Myth: Hand protection as a consumable should be a low-cost commoditised offering.
Hands are an indispensable tool that we count on all day, every day. Hands belong to people, and we know that people are the biggest asset in any company. And yet, gloves…
Gloves can often be seen slipping down the priority rankings in organisations, having become heavily commoditised due to their consumable nature.
We see gloves as a protective second skin, a unique combination of engineering and art that deserves celebrating. Throughout organisations, there needs to be a paradigm shift to recognise that gloves are a technical piece of equipment protecting highly valuable tools.
Analysing the true cost
Insights have shown us that, in many companies, over 60% of overall PPE spend is on gloves. Unfortunately, safety procurement often centres around examining a product unit cost.
When gloves are commoditised and simply the cheapest is purchased, generally several other key factors are overlooked that contribute to the total cost, for example:
- The glove’s ability to protect against hand injuries
- The durability and wear life of the glove
- Whether the glove impacts wearer’s functionality and productivity
- Levels of waste generated from regular disposal of gloves.

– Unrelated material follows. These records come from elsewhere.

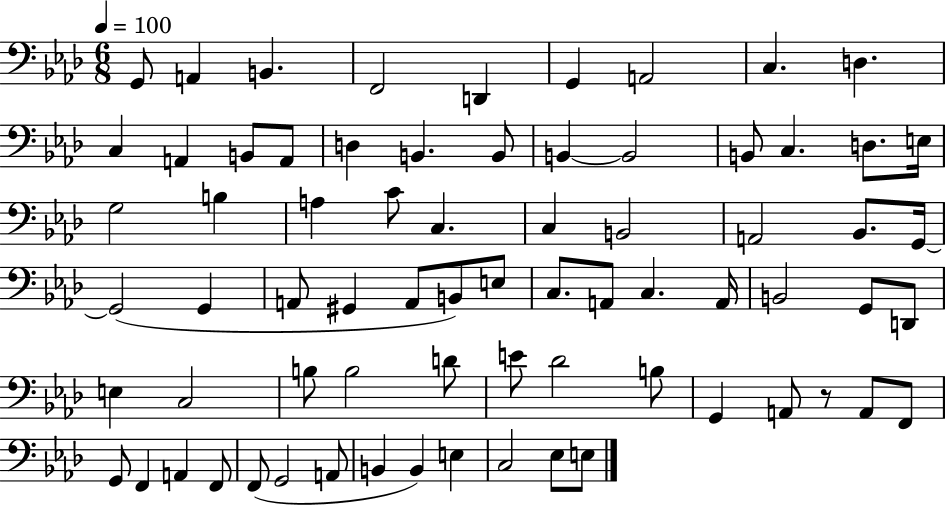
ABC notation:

X:1
T:Untitled
M:6/8
L:1/4
K:Ab
G,,/2 A,, B,, F,,2 D,, G,, A,,2 C, D, C, A,, B,,/2 A,,/2 D, B,, B,,/2 B,, B,,2 B,,/2 C, D,/2 E,/4 G,2 B, A, C/2 C, C, B,,2 A,,2 _B,,/2 G,,/4 G,,2 G,, A,,/2 ^G,, A,,/2 B,,/2 E,/2 C,/2 A,,/2 C, A,,/4 B,,2 G,,/2 D,,/2 E, C,2 B,/2 B,2 D/2 E/2 _D2 B,/2 G,, A,,/2 z/2 A,,/2 F,,/2 G,,/2 F,, A,, F,,/2 F,,/2 G,,2 A,,/2 B,, B,, E, C,2 _E,/2 E,/2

Case Study: Up until March, a company we have worked closely with were purchasing a glove for £1.10/pair, and the glove was disposed of at the end of every working day. The organisation made the decision to switch to an alternative glove costing in the region of £7/pair, but this glove lasted for 10 working days. Immediately, that offered over a 35% cost saving per pair, solely on like-for-like durability, without mentioning a significant increase in protection and functionality levels provided by the alternative glove, as well as a significant reduction in waste.
If gloves are viewed as a technical piece of equipment from a high level within an organisation, ultimately, the wearers will feel empowered to look after their ‘equipment’ rather than treat it as a disposable item.
Secondly, with added benefits of higher specification gloves, such as touchscreen compatibility, wearers can perform their tasks more efficiently and effectively.
Hand injuries continue to equate to anything between 20% and 60% of total injuries on many sites.
When all is said and done, regardless of the price of the glove, if it is not protecting hands, you are not getting return on investment, through downtime, lost time, claims etc.
The change of mindset sits with glove manufacturers too. As a glove manufacturer, we must provide maximum support and have a conscientiousness that it’s not just about supplying gloves but it’s about supplying the right glove.
If the hand protection issued was more effective, how much closer could we get to 0 hand injuries?